Archive This article is from our archive and might not display correctly. Download PDF
1. I've always wanted to write a really pretentious article on something disgustingly literary from the bottom of my Times Literary Supplement-loving heart. What would it be on? Probably something very uncomfortable like erotica of the Victorian period, once again proving that the more repressed you are, the grosser your sexual fetishes are, even by modern standards.
2. Following the theme of English student columns, someone needs to write an exploration of how we have to spend roughly £400 on books. Nothing against science students, but I'm quite sure that we pay for your degrees. I think that it's only fair that we also graduate with a BSc so that we can get a chance at employment.
3. A list of suggestions of how to spend the summer holidays would be very timely and relevant, but I doubt 'get sunburnt while you still can', 'read non-degree books' and 'try gardening/ plant homicide' would go down particularly well.
4. The thought-provoking, personal article about my experience as an international student in a British university is quite possibly the most sincere thing I have the right to write about. Unfortunately, I have an aversion both to anything too personal and anything too sincere. I'm only half-joking about the latter. But it is hard to write about being in love with a country that might never fully love you back.

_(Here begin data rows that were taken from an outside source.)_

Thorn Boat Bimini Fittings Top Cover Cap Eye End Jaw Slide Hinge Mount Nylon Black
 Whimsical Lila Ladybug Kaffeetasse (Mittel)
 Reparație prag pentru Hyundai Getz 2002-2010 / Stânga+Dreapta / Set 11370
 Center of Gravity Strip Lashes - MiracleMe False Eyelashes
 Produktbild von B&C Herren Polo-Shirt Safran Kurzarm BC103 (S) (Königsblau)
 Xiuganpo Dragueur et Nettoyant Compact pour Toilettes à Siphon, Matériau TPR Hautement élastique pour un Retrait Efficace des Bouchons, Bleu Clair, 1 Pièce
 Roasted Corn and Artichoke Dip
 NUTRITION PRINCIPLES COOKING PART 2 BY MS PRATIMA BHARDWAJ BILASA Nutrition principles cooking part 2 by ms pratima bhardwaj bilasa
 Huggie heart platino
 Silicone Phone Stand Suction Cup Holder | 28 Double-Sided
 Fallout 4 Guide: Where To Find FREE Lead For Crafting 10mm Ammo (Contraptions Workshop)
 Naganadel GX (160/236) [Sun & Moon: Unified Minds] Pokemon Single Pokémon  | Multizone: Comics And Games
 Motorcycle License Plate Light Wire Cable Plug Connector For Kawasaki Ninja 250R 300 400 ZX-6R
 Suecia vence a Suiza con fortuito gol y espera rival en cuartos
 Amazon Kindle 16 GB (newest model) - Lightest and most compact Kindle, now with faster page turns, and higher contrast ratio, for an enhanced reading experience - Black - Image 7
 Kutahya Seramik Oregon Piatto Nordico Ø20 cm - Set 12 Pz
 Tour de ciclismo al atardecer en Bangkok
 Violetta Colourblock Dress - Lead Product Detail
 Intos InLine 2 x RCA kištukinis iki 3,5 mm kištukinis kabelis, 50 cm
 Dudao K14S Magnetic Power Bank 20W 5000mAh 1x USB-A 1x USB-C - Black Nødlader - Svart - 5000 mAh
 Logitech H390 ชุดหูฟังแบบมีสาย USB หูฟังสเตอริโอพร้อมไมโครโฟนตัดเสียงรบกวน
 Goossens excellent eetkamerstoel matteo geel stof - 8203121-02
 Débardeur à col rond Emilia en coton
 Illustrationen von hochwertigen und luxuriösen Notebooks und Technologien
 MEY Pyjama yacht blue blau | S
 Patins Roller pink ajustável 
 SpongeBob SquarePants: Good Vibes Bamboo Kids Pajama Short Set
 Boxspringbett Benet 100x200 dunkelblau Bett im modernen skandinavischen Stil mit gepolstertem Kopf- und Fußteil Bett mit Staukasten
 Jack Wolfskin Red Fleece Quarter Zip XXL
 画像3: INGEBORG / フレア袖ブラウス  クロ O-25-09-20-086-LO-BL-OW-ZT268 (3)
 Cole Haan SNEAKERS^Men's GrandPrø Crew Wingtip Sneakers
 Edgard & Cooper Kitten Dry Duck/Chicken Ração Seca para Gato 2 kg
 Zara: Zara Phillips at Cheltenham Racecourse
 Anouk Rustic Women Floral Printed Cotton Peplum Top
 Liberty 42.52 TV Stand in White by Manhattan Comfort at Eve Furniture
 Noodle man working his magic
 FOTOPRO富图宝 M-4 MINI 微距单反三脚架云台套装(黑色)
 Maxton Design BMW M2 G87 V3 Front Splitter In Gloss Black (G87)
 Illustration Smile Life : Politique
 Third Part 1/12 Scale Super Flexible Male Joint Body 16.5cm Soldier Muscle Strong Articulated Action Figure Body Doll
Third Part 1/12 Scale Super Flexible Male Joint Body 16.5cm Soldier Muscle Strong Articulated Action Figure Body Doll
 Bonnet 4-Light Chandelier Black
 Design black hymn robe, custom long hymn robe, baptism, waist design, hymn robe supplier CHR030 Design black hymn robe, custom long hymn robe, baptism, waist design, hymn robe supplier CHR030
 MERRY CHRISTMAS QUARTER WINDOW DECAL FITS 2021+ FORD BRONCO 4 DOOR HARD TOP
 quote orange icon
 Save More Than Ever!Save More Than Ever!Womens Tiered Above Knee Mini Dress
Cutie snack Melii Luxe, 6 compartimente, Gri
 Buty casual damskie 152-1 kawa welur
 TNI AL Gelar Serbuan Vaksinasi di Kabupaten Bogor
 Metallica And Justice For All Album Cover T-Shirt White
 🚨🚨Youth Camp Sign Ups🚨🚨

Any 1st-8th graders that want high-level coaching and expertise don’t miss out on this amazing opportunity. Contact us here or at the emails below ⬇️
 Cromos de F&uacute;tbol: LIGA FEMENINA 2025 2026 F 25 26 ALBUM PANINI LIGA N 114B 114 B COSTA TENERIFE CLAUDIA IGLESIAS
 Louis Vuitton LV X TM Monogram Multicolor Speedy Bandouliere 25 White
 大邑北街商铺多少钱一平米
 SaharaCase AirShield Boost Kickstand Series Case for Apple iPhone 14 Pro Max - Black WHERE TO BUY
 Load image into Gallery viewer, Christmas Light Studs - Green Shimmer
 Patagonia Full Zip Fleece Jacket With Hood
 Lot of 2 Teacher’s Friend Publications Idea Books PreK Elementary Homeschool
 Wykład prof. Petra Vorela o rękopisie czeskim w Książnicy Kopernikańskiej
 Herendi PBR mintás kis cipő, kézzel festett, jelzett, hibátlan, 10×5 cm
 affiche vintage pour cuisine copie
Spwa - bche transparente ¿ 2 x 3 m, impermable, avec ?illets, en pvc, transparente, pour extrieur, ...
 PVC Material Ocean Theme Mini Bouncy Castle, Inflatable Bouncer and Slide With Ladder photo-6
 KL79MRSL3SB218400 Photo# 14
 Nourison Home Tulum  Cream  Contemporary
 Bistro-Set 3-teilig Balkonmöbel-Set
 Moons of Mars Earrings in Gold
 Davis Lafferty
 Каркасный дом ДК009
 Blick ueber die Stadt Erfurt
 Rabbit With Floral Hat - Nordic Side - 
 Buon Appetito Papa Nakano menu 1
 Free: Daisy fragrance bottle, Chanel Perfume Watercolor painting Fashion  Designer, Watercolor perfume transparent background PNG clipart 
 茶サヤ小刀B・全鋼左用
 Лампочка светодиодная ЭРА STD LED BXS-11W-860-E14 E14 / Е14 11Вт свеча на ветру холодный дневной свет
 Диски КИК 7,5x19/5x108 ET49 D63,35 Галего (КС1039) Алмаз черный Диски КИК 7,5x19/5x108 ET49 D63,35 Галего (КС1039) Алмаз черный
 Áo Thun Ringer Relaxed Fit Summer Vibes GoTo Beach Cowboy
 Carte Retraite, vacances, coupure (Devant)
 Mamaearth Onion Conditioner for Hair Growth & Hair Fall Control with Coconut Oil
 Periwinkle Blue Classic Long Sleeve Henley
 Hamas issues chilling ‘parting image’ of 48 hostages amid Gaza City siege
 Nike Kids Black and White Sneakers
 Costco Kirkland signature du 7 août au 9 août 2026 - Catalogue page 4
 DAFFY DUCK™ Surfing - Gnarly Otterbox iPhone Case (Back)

5. What might be a good swansong would be the epic retrospective look at the state of culture in the modern era. I maintain that although someone more intelligent may attempt this, there can never be nuanced enough an account on the enormity of such a subject. This said, if you want to read an examination of one of the largest institutions that shape contemporary art, I've written an article on this in the Arts section. I may be a bad columnist, but I'm at least a mediocre advertiser.
6. If I was the least bit funny, I'd write a satire piece hiding a critique of absurd university self-defeating practices that are detrimental to staff, academics and students. But somehow I don't think satire will be any less painful than my attempts at humour.
7. The inspiring, un-cliched final column reminding the seven of you who will read this (including editors and my mum) to remain critical, embrace challenges and be kind to others. I chuckled at the thought too. I'll do you all a favour and say what we're all thinking: how did I ever get a column?